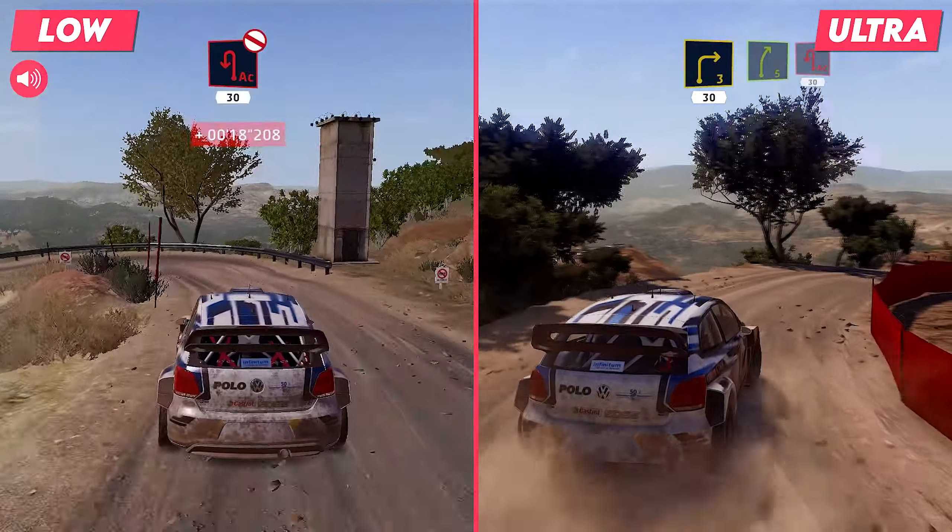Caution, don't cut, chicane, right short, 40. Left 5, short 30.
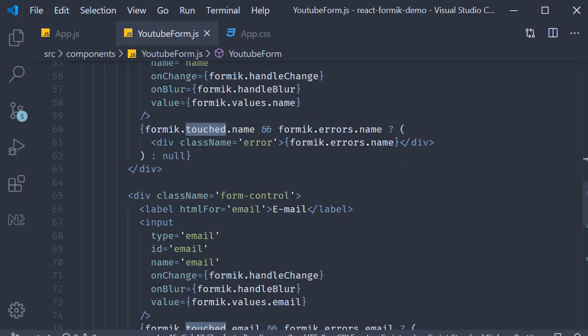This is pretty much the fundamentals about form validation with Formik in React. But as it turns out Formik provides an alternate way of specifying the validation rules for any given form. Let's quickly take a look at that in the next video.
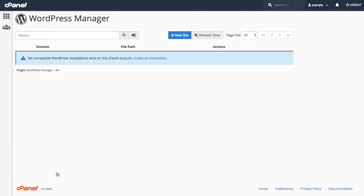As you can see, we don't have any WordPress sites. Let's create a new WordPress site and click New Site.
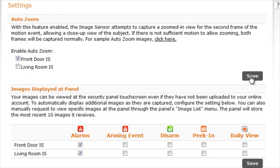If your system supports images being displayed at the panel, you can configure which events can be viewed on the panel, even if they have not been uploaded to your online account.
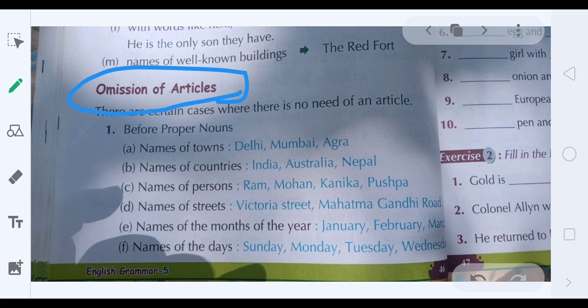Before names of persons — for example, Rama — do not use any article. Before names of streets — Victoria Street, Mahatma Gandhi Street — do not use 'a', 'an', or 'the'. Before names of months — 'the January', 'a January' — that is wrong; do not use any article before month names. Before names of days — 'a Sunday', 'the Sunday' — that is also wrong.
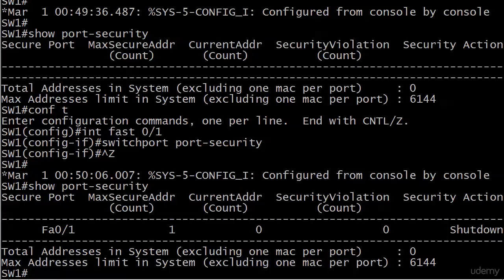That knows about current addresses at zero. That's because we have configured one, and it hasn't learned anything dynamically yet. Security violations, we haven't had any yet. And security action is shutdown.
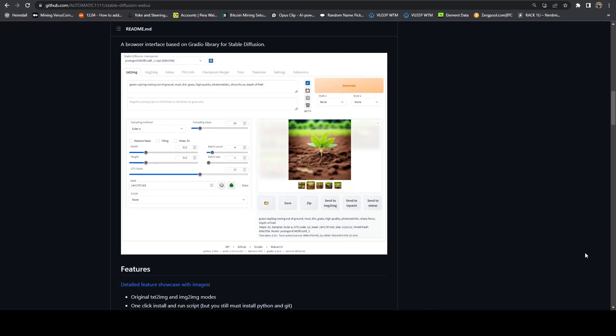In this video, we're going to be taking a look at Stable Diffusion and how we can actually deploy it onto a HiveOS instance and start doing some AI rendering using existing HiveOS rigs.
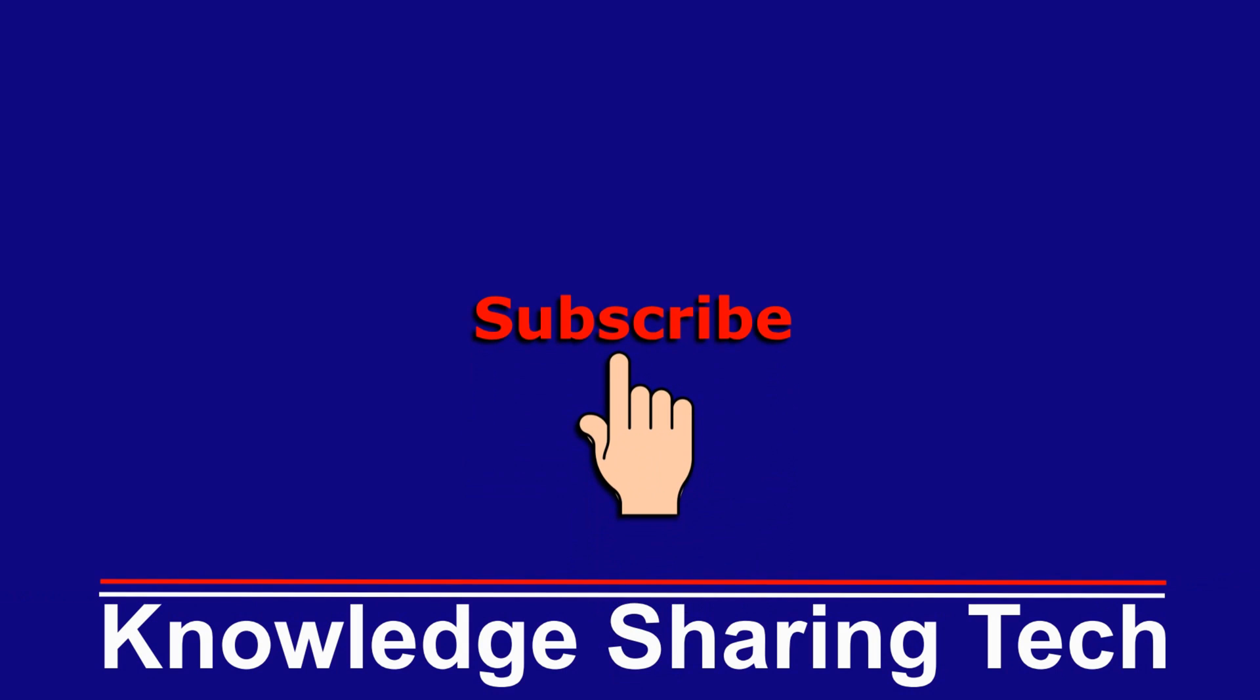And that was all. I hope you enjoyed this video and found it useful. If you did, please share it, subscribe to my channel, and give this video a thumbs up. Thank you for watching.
######
→ **Exercise description**: All that should be returned is the run of lines from the start of the entries above to the line bearing "Before names of persons", each exact, with pictures omitted.

→ **Finished task**:
Caution, don't cut, chicane, right short, 40. Left 5, short 30.
This is pretty much the fundamentals about form validation with Formik in React. But as it turns out Formik provides an alternate way of specifying the validation rules for any given form. Let's quickly take a look at that in the next video.
As you can see, we don't have any WordPress sites. Let's create a new WordPress site and click New Site.
If your system supports images being displayed at the panel, you can configure which events can be viewed on the panel, even if they have not been uploaded to your online account.
Before names of persons — for example, Rama — do not use any article. Before names of streets — Victoria Street, Mahatma Gandhi Street — do not use 'a', 'an', or 'the'. Before names of months — 'the January', 'a January' — that is wrong; do not use any article before month names. Before names of days — 'a Sunday', 'the Sunday' — that is also wrong.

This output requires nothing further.